▶ _Entries supplied_
○ ○ ○ ○

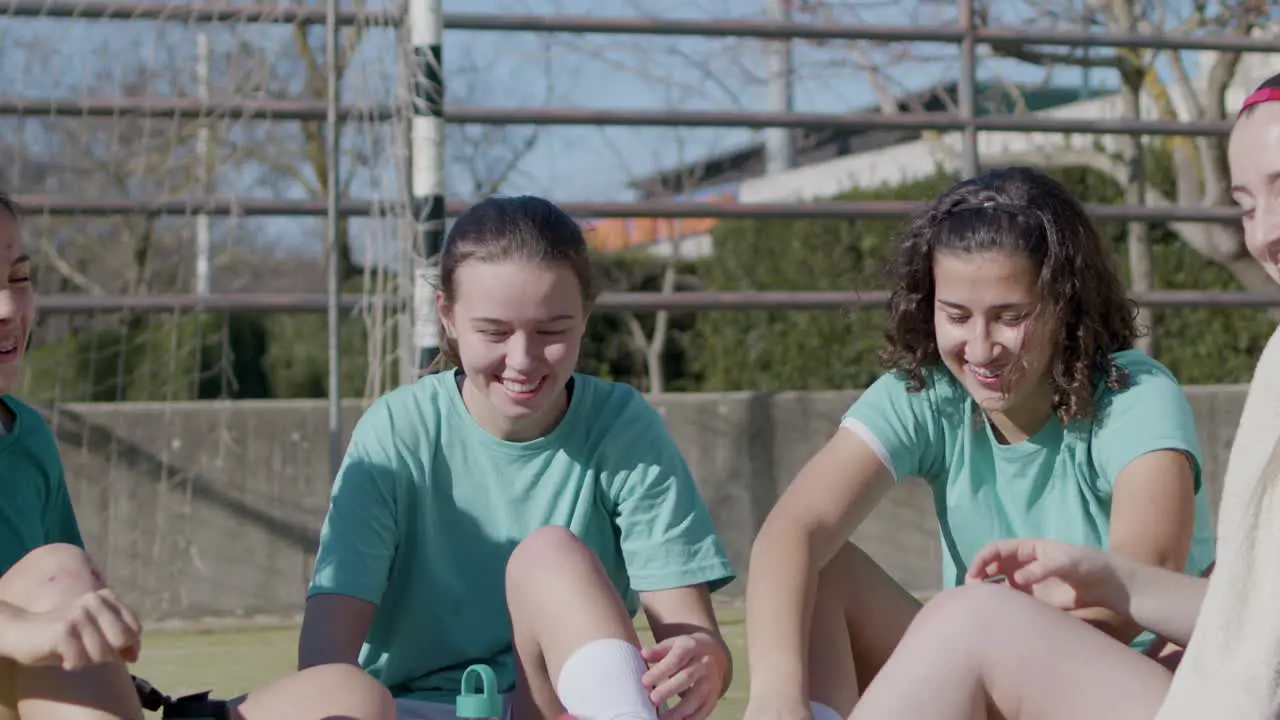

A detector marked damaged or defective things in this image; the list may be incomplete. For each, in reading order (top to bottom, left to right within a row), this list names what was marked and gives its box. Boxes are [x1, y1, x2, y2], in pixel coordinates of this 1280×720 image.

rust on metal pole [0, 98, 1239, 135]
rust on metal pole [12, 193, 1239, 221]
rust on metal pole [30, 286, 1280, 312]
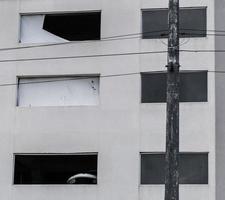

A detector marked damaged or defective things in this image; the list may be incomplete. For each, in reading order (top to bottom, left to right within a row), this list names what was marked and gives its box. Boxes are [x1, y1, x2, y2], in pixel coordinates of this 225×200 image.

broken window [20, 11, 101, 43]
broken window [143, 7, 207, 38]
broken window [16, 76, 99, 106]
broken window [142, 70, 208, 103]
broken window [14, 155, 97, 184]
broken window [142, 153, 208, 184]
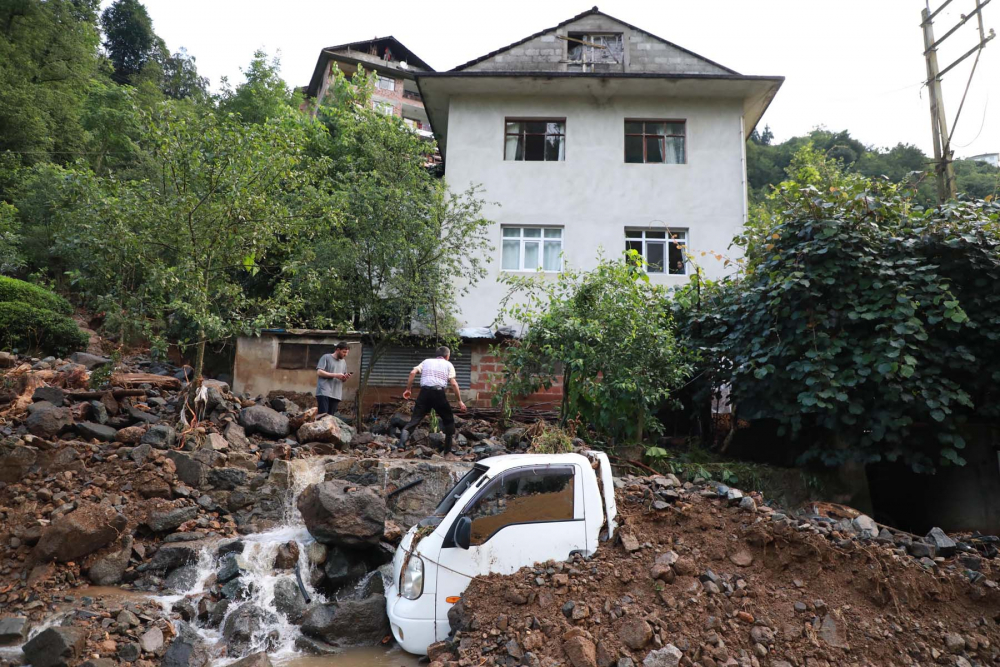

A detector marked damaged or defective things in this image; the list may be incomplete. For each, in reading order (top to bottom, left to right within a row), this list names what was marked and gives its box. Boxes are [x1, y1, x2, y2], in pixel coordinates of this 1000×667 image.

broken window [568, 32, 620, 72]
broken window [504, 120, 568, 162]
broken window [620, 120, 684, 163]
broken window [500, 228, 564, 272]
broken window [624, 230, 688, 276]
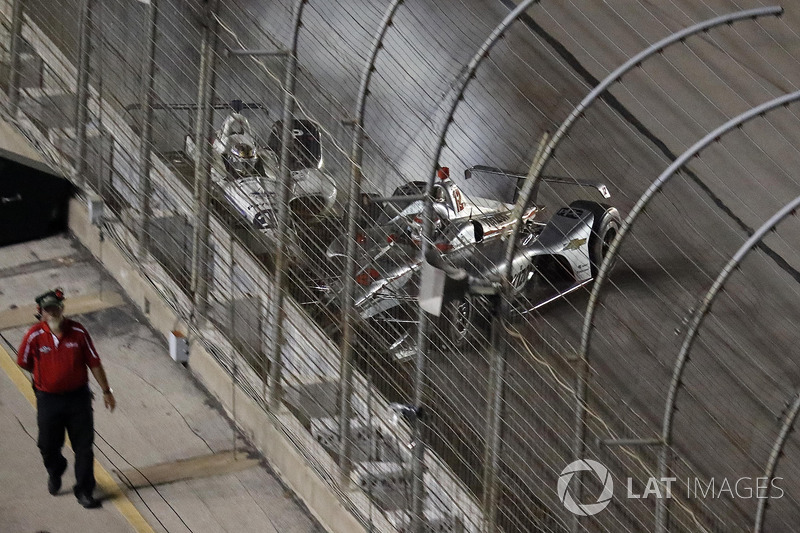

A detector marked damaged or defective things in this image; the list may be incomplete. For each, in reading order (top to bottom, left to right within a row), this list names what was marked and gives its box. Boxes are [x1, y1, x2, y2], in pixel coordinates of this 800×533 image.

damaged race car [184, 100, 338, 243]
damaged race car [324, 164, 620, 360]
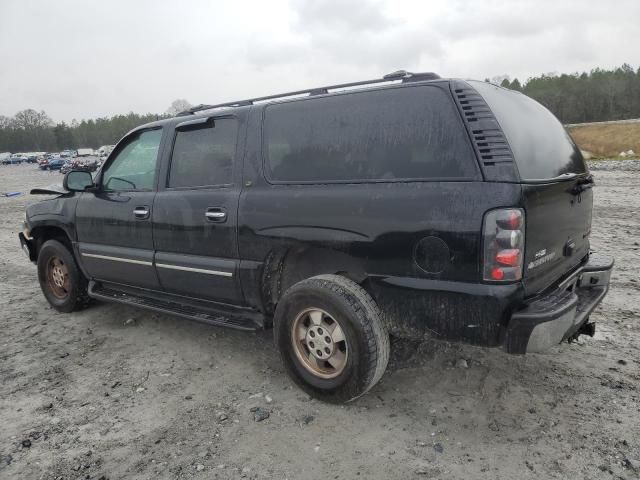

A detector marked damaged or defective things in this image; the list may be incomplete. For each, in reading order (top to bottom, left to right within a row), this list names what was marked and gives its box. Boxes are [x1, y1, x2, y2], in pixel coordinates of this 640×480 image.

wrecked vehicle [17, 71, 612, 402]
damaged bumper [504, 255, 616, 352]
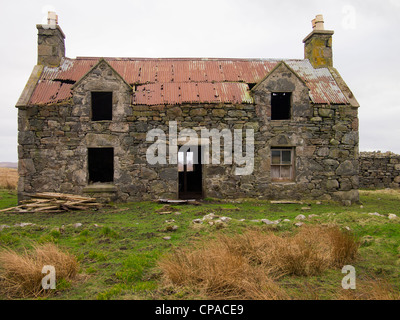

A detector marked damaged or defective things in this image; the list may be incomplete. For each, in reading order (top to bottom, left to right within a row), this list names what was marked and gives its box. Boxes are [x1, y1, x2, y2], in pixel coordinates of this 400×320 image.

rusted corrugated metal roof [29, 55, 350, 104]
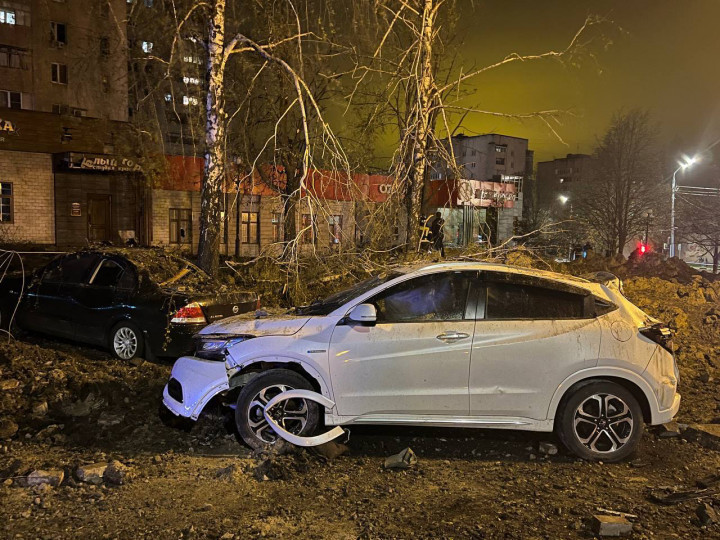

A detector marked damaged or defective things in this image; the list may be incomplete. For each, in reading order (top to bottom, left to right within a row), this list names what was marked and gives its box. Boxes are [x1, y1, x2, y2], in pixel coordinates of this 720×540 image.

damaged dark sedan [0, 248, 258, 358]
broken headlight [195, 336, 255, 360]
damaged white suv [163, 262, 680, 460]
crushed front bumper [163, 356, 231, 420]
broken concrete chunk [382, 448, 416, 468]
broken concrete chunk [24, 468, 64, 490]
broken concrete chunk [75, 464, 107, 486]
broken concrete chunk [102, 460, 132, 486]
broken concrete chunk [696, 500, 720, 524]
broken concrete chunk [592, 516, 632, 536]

○ ○ ○ ○

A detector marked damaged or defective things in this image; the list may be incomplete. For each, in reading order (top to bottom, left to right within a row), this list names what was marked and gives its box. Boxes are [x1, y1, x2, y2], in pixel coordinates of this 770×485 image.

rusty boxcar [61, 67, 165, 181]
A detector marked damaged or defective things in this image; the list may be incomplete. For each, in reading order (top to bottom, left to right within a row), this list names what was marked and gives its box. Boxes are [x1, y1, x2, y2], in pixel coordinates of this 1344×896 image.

○ ○ ○ ○

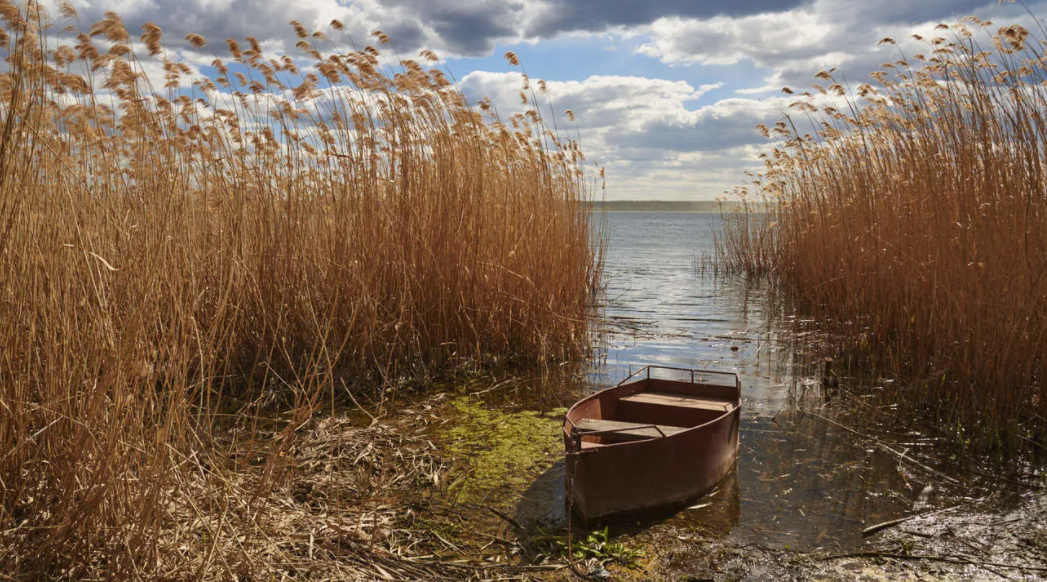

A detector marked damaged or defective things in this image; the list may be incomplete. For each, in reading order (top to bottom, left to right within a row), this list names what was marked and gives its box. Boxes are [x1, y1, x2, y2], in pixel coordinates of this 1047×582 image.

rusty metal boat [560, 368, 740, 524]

○ ○ ○ ○

▶ _Work to be completed_
All lines above between those holding "this 770×485 image." and "this 1344×896 image.", inclusive, must be set down unchanged, and no other line may be included.

▶ _Response area_
A detector marked damaged or defective things in this image; the list may be incomplete. For each, in reading order (top to bottom, left to right within a row), this list names what was marked and gives its box. Boxes are [x1, y1, x2, y2], in pixel coordinates of this 770×485 image.

rusty boxcar [61, 67, 165, 181]
A detector marked damaged or defective things in this image; the list may be incomplete. For each, in reading order (top to bottom, left to right within a row), this list names what was marked and gives its box. Boxes are [x1, y1, x2, y2], in pixel coordinates of this 1344×896 image.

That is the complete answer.